IL Estate Planning Blog

Thursday, October 2, 2014

Protect Your Data

Protect Your Data (Excerpts taken from AARP The Magazine)


As the data hacking continues at retailers such as Target, Home Depot and others, how do you protect yourself from these breaches?  By adopting new habits in how you do business, monitoring your financial life and safeguarding your electronic devices.  Checking off all the items on the following list doesn't guarantee you won't be a victim.  It does increase the likelihood that if your accounts are hacked, you'll notice this - and be able to shut it down - quickly.  And that's half the battle.  Here's what to do.

Monitor your financial life
Keep an eye on your bank and credit card account activity, as well as your credit report.  Check your bank accounts online almost daily.  Check your credit card statements several times before the end of each billing statement.
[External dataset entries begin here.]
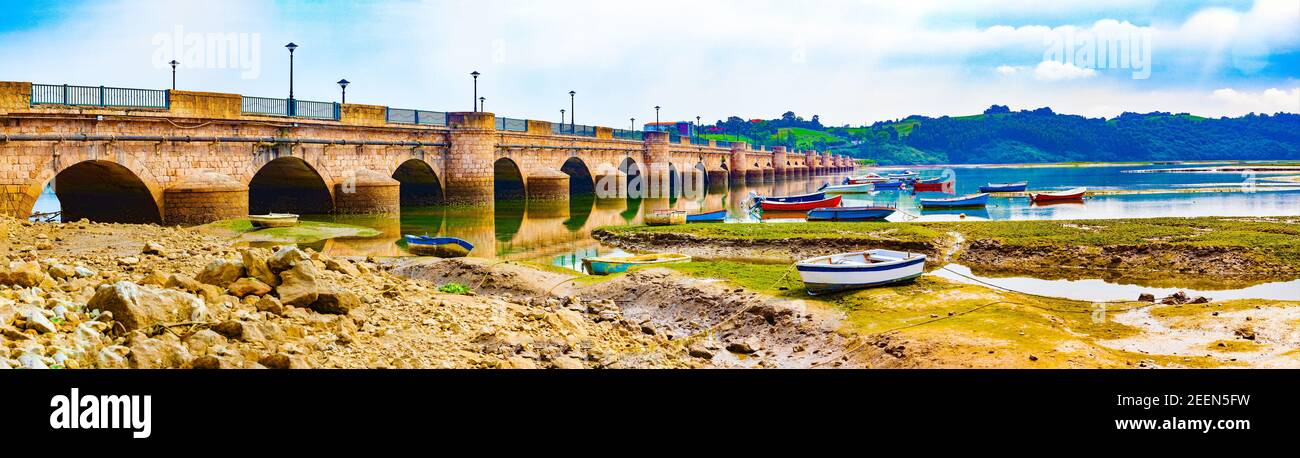 Scenic mountain and sea panoramic landscape in northern Spain.Green meadows and boats under the medieval stone bridge Stock Photo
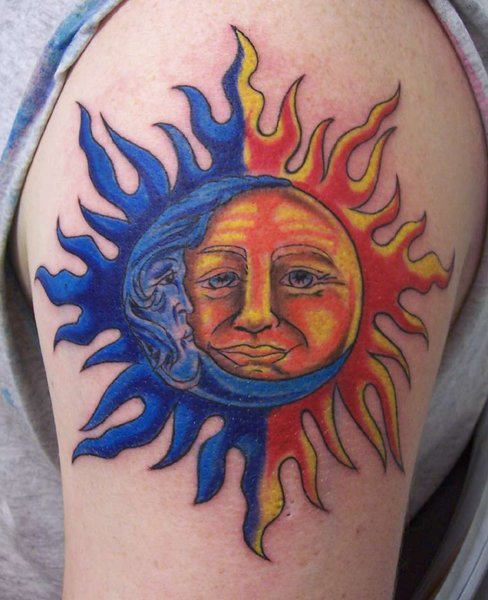 Blue And Red Taino Sun Tattoo On Left Shoulder For Men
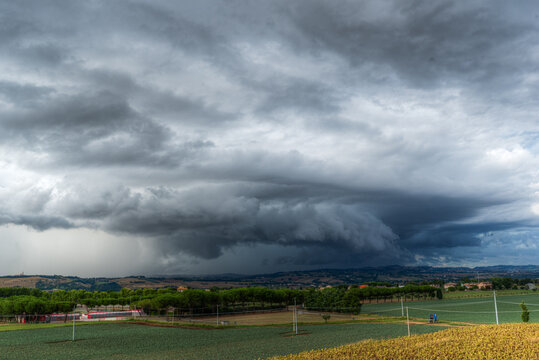 View of a dramatic shelf cloud looming over the rural landscape with agricultural fields and trees in Corridonia, Marche, Italy.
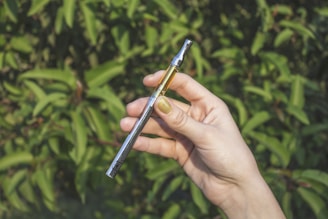 A hand with light skin is holding a vaping device, featuring a metal body and a transparent cartridge partially filled with liquid. The background consists of blurred green foliage.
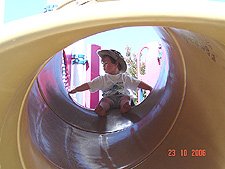 Hunter ready to go down the slide.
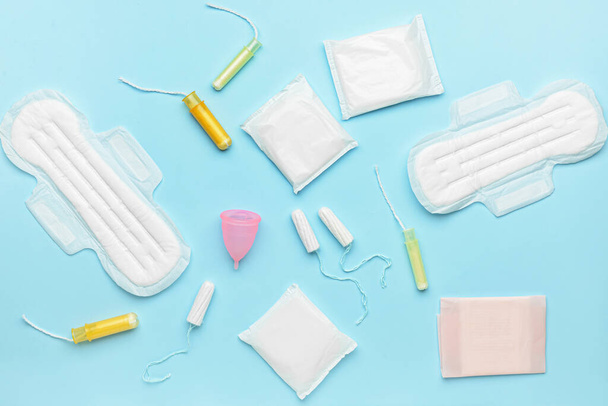Menstrual cup, pads and tampons on blue background - Foto, Bild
Using you should request one free credit report every four months from the three major reporting bureaus.

Layer up

In addition to checking your report, you can put a freeze on it in most states even if you haven't been an ID theft victim.  That prevents thieves from applying for credit in your name.  It typically costs $3 to $10 to freeze - and unfreeze - per credit-reporting bureau.  You can also get credit monitoring for free from several sites online.  This is what is called "layered security".

Ditch the snail mail

Neal O'Farrell, executive director of the Identity Theft Council, calls the U.S. postal system "an absolute gift" for identity thieves, who can reach into your mailbox and grab whatever's there.  Subvert them by doing as much banking and bill paying online as possible.  Doing this makes you less vulnerable, not more.

Protect your technology

As you are busier online, you need your devices to be as secure as possible.  Make sure they have the latest antivirus software and the most recent secure browser.  If you insist on doing transactions via Wi-Fi, be certain you've got a secure (i.e., encrypted) connection, which freebies generally don't offer.

Fix poor passwords

Weak passwords are a crook's best friend.  Make yours long and complex, and change them often - not just on your bank account but on your email and social media, too.